### What to do
Repeat nothing but the line containing "国网烟台供电公司：运用通信手段赋能变电站智能化水平提升" and the lines that follow it, up to and including the last line of the data below.

### Dataset content
◇ ◇ ◇ ◇ ◇ ◇ ◇

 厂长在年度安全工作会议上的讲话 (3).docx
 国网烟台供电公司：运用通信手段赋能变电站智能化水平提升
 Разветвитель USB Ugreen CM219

◇ ◇ ◇ ◇ ◇ ◇ ◇

### Task answer
 国网烟台供电公司：运用通信手段赋能变电站智能化水平提升
 Разветвитель USB Ugreen CM219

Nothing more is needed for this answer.